Content starts

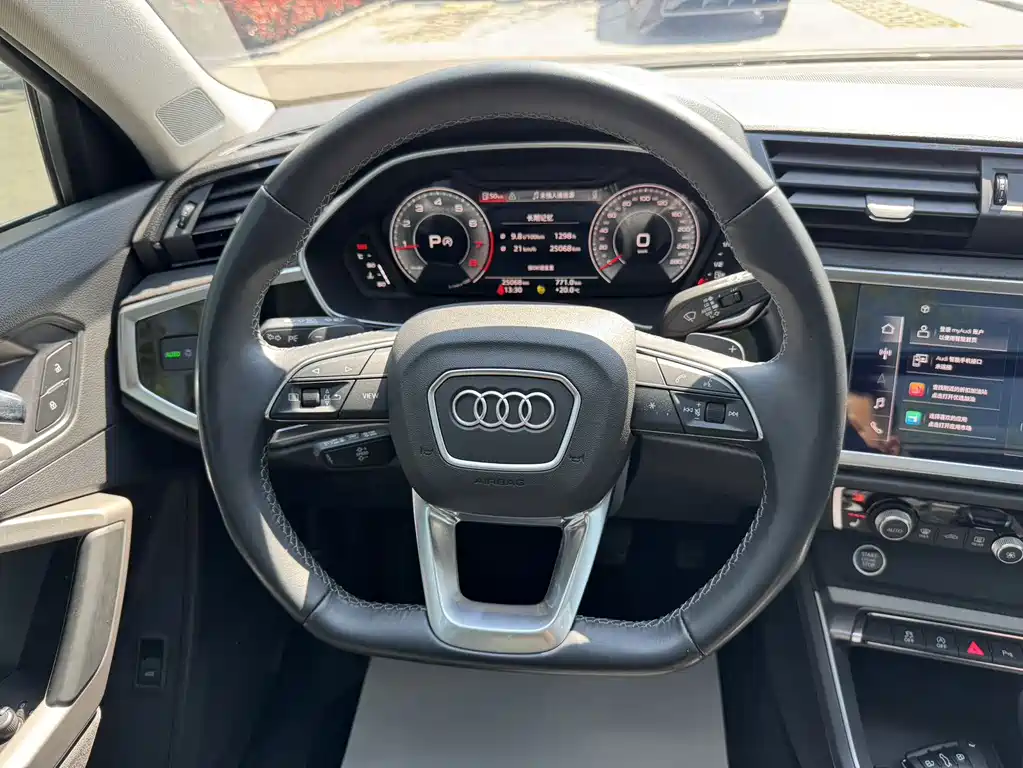 Audi Q3 — фото 15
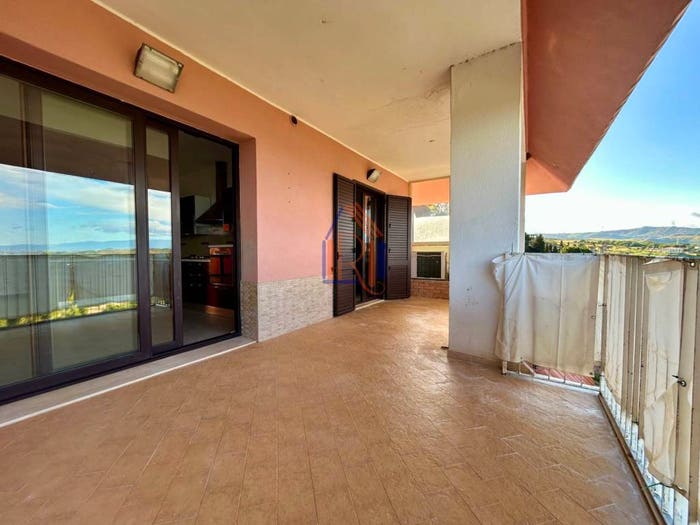 Appartamento quadrilocale in vendita in Via Nazionale, Copanello, Stalettì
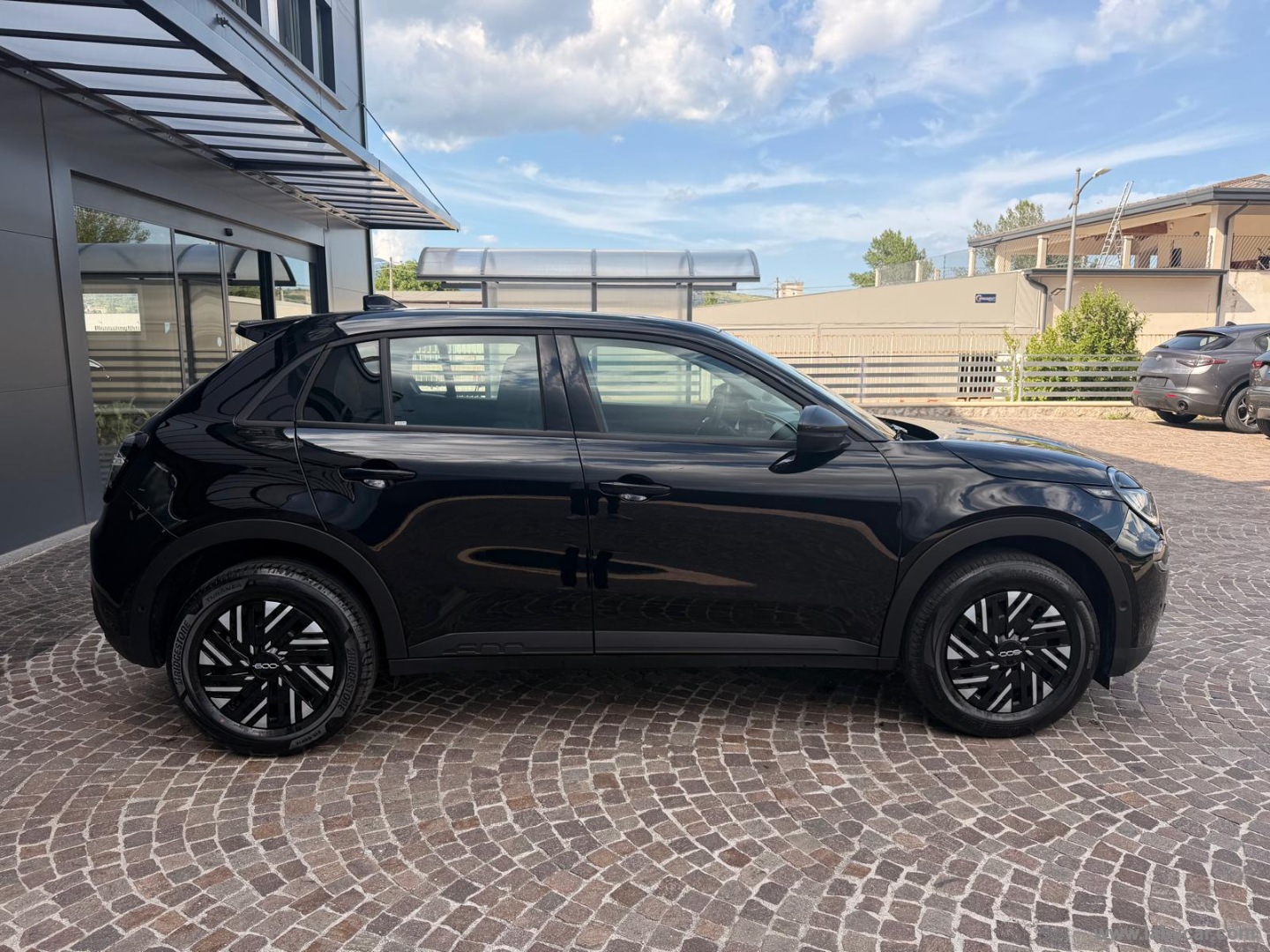 600 Hybrid MHEV - immagine 4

Content ends

Write out the data above in full and exactly, but not the pictures.

# ANSWER SECTION
 Audi Q3 — фото 15
 Appartamento quadrilocale in vendita in Via Nazionale, Copanello, Stalettì
 600 Hybrid MHEV - immagine 4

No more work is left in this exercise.